Pilates was once known almost exclusively to the dance world, but over its 85 year life span the general public has gradually become aware of its gentle-on-the-joints approach to fitness.  

Pilates has proven to be more than just an exercise fad. Every year more and more people enroll in Pilates, a technique that sculpts a body back to health without wear and tear on ankles, hips, knees or elbows. One of the primary benefits of Pilates, however, is how it affects everything else one does. One learns not only the specific exercises, but a philosophy for the correct use of muscles, joints, and breath during movement. As students develop this body awareness, participation in other activities are less likely to cause injury. In short, Pilates students will actually get more benefit out of any activity because of the application of the principals they have learned. 

Every Pilates session focuses on exercises that are performed with perfect alignment, and are modified as necessary to ensure that the alignment is maintained throughout. In this manner, one's body is strengthened into patterns of correct posture. Each set of muscles is also trained in such a way as to create perfect balance in the body. Whenever a muscle is worked, its opposite muscle is also worked.  

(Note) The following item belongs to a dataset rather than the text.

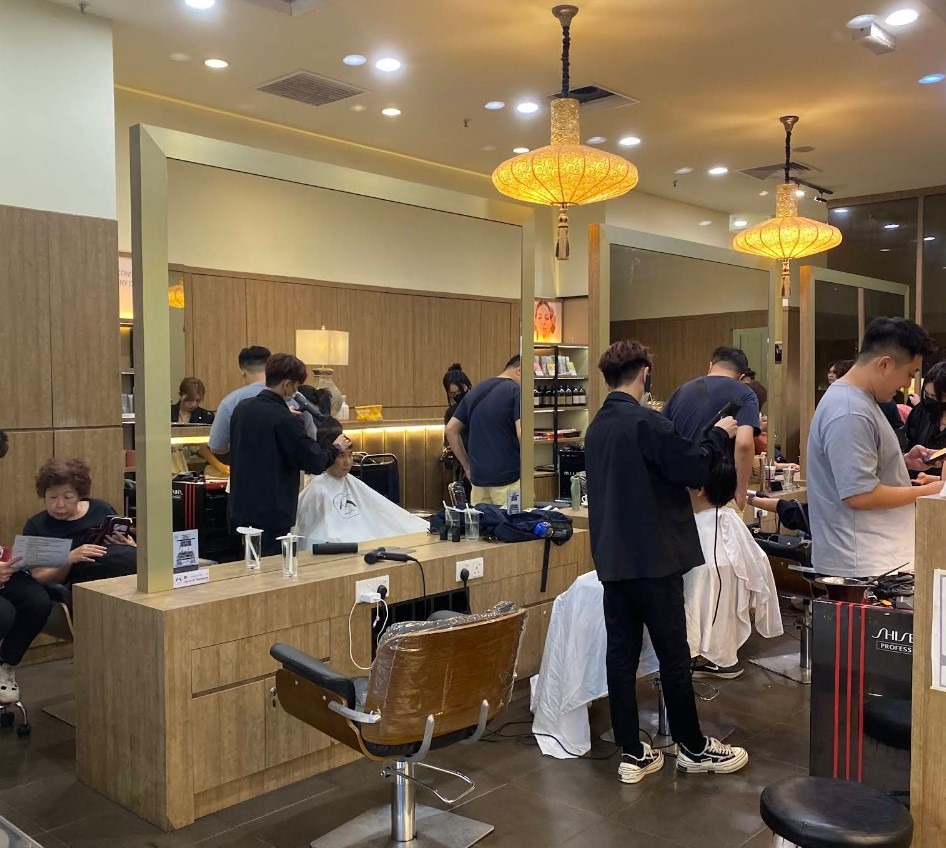 best hair salons jb studio m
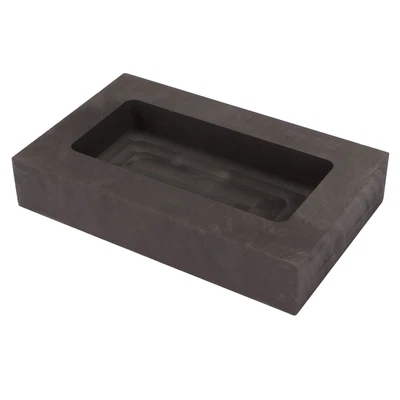 £34.96 • Buy Graphite Ingot Mold Metal Refining Mould Crucible For Melting Casting Set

Additionally, rather than doing many repetitions of one movement, in Pilates the student performs 5-10 reps of many exercises designed to affect the muscles slightly differently. By emphasizing deliberation and control in every exercise, both the concentric (shortening) and eccentric (lengthening) contractions of the muscles are worked, creating the long, lean musculature of a dancer, rather than the shorter, bulkier muscles of a weight -lifter. Recent studies have shown that emphasizing the eccentric contractions when exercising results in significantly greater increase in bone density over concentric contractions alone. This is particularly important for women, as it is an effective treatment for and prevention of osteopenia and osteoporosis.